5. La censura relativa al mancato riconoscimento dell’attenuante della provocazione si appalesa infondata, per gli stessi termini con cui è prospettata, posto che il ricorrente lamenta di essere stato vittima di un "agguato televisivo" senza riuscire, però, ad enucleare alcun comportamento, da parte degli operatori televisivi, che rivesta carattere di ingiustizia obiettiva, intesa come effettiva contrarietà a regole giuridiche, morali e sociali, reputate tali nell’ambito di una determinata collettività in un dato momento storico e non valutate con riferimento alle convinzioni dell’imputato e alla sua sensibilità personale, non corrispondenti a canoni di civile convivenza (cfr.

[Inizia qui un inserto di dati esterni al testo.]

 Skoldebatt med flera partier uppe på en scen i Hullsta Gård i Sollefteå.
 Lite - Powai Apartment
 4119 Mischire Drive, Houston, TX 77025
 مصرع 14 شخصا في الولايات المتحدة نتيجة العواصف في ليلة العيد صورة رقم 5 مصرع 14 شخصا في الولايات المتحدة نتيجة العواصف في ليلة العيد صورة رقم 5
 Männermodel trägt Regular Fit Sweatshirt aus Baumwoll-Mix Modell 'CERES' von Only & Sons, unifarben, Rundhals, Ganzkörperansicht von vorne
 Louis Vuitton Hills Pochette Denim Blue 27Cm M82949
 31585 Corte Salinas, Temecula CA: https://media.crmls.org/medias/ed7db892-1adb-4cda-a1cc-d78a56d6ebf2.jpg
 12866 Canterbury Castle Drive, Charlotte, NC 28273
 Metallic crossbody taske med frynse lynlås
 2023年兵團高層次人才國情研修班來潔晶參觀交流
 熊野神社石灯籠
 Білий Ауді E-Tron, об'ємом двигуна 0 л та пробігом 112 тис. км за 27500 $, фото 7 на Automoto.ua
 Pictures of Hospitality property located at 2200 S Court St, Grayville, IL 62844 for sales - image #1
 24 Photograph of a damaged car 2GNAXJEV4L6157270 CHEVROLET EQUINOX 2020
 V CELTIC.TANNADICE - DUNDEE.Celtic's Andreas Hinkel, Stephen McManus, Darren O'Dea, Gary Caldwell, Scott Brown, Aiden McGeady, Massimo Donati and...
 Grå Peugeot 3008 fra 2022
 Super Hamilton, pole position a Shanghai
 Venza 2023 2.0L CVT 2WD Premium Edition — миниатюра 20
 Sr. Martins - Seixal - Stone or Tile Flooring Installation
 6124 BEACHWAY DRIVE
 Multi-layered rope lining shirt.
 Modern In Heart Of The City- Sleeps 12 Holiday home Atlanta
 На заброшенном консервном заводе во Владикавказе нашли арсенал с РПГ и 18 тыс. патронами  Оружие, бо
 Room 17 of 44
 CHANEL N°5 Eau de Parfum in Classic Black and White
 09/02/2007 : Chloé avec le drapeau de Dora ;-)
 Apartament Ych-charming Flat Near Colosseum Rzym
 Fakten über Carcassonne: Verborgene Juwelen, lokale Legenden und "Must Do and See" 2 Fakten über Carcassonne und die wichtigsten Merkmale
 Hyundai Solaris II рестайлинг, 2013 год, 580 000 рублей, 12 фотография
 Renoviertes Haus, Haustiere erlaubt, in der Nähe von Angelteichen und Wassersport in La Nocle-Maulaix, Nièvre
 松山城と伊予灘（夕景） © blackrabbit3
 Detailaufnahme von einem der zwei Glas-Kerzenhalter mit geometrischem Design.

Sez. 5, n. 55741 del 25/09/2017, R., Rv. 272044).
6. È fondato il motivo proposto con riferimento alla conferma delle statuizioni civili in favore di Rai spa, pur se si invoca, in maniera impropria, l’istituto processuale della "esclusione della parte civile".
La sentenza di primo grado aveva condannato l’imputato anche in ordine al reato di cui all’art. 340 cod. pen. (capo 4). Solo a tale condotta illecita aveva circoscritto il danno risarcibile in favore della Rai, collegandolo alla "limitazione nell’esercizio degli scopi cui la stessa è deputata". Nessun ulteriore danno era stato riconosciuto a detta parte civile per il furto (perché la telecamera sottratta a I.A. era di proprietà della Videoservice s.r.l., di cui l’I. era amministratore) o per la minaccia ricevuta da R.A. (cfr. pagina 25 sentenza primo grado).
La Corte di appello ha assolto l’imputato dal reato di cui all’art. 340 cod. pen., per insussistenza del fatto, di conseguenza avrebbe dovuto revocare le statuizioni civili in favore di Rai spa.
Ha, dunque, errato nell’omettere tale pronuncia e nel condannare l’imputato, vincitore su quel capo, alla rifusione delle spese del grado sostenute da Rai spa.
7. Gli argomenti svolti nel paragrafo che precede conducono all’annullamento della sentenza impugnata senza rinvio limitatamente alle statuizioni civili concernenti la parte civile RAI in relazione alla imputazione ex art. 340 c.p. (capo 4) e per l’effetto a revocare la condanna alle spese riconosciute in favore di detta parte in primo grado, nonché quelle riconosciute in appello che, tenuto conto della liquidazione in Euro 1.800,00, cumulativa con il R., possono essere quantificate in Euro 300,00, sulla scorta dei parametri che disciplinano le spese spettanti al difensore di più parti.
Il ricorso va rigettato nel resto. Segue la condanna del ricorrente alla rifusione delle spese sostenute nel grado dalla parte civile vincitrice, R.A., che, avuto riguardo all’opera prestata dal difensore, si liquidano in Euro 2.000,00, oltre accessori di legge.

P.Q.M.

Annulla la sentenza impugnata senza rinvio limitatamente alle statuizioni civili concernenti la parte civile RAI in relazione alla imputazione ex art. 340 c.p. (capo 4) e per l’effetto revoca la condanna alle spese riconosciute in favore di detta parte in primo grado, nonché quelle riconosciute in appello, quantificate, queste ultime, in Euro 300.
Rigetta nel resto il ricorso e condanna il ricorrente alla rifusione delle spese sostenute nel grado dalla parte civile R.A. liquidate in Euro 2.000,00 oltre accessori di legge.